BRASÍLIA - O Tribunal de Contas da União (TCU) vai fazer uma auditoria no sistema de denúncias e de combate a assédio da Caixa. A decisão foi anunciada nesta quarta-feira, 29, pela presidente do TCU, ministra Ana Arraes, em meio aos escândalos de assédio sexual que recaem sobre o presidente da Caixa, Pedro Guimarães, e que já são alvos de investigação pelo Ministério Público Federal.
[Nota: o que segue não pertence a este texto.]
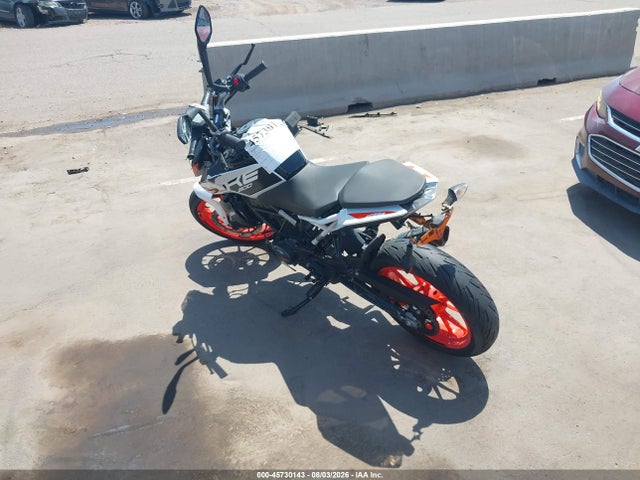 KTM 200 Duke 2020 MD2JPC409LC018084 Image 3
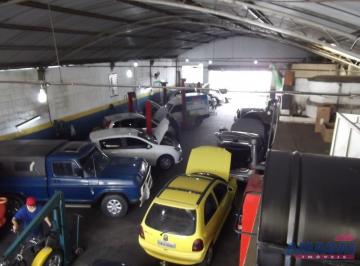 Comercial · 319m² · Galpão à venda em Jacareí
Nas denúncias que funcionárias do banco relataram ao site “Metrópoles”, elas foram claras em dizer que não denunciaram antes as situações por medo de serem perseguidas. As vítimas disseram ainda não confiar nos canais de denúncias internas do banco, sendo que a Caixa possui um setor específico, a sua Corregedoria, que tem entre suas atribuições a apuração de casos do tipo.
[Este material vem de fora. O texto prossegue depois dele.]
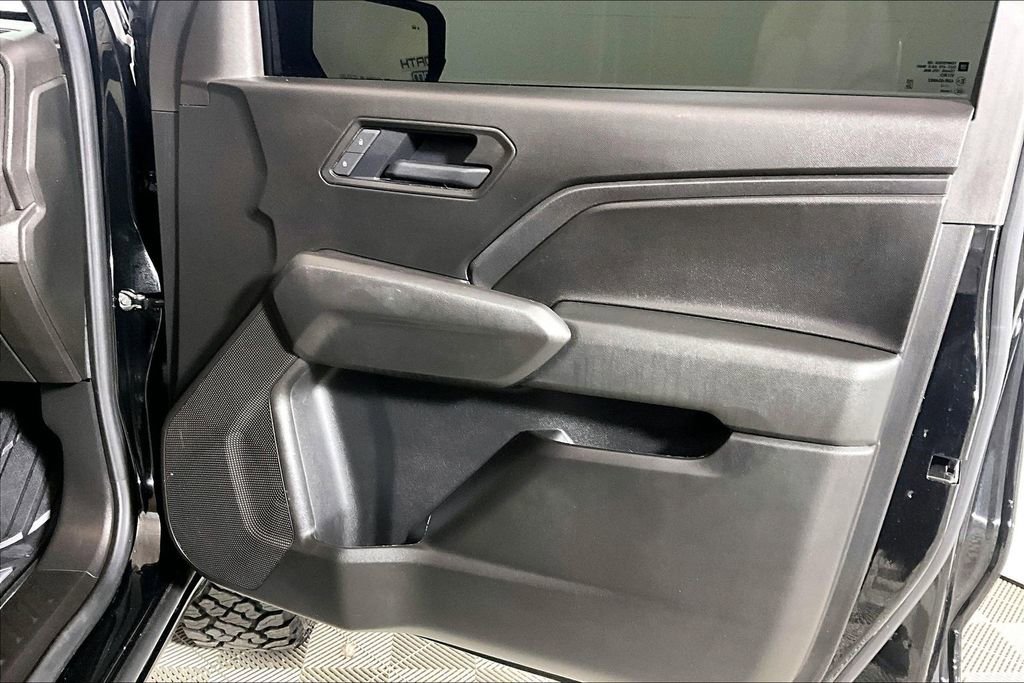 Used 2025 Chevrolet Colorado W/T image 19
“Nesse contexto, tendo em vista as recentes notícias veiculadas na imprensa, sobre denúncias de assédio no âmbito da Caixa Econômica Federal, que envolvem o Presidente da instituição, considero pertinente que este Tribunal realize ação de controle para avaliar o grau de maturidade dos instrumentos e das práticas de que esse banco público dispõe para prevenir e punir casos de assédio”, afirma Ana Arraes, em seu comunicado.
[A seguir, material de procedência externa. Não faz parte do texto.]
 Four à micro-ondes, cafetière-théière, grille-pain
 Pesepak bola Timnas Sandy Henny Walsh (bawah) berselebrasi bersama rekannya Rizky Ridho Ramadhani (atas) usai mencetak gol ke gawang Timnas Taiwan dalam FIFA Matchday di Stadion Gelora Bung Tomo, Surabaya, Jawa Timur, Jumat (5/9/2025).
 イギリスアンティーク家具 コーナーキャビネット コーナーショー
“O assédio no ambiente de trabalho é tema de grande relevância que precisa ser mais bem enfrentado no âmbito da administração pública, uma vez que, além dos efeitos danosos à vítima, ainda ocasiona prejuízos à instituição e à sociedade.”
A ministra afirmou que órgão de fiscalização superior, como o Tribunal de Contas da União, “não só podem, como devem efetivamente atuar para a construção de um sistema eficaz de prevenção e combate ao assédio” nos órgãos e entidades públicas, como vem ocorrendo em outros países.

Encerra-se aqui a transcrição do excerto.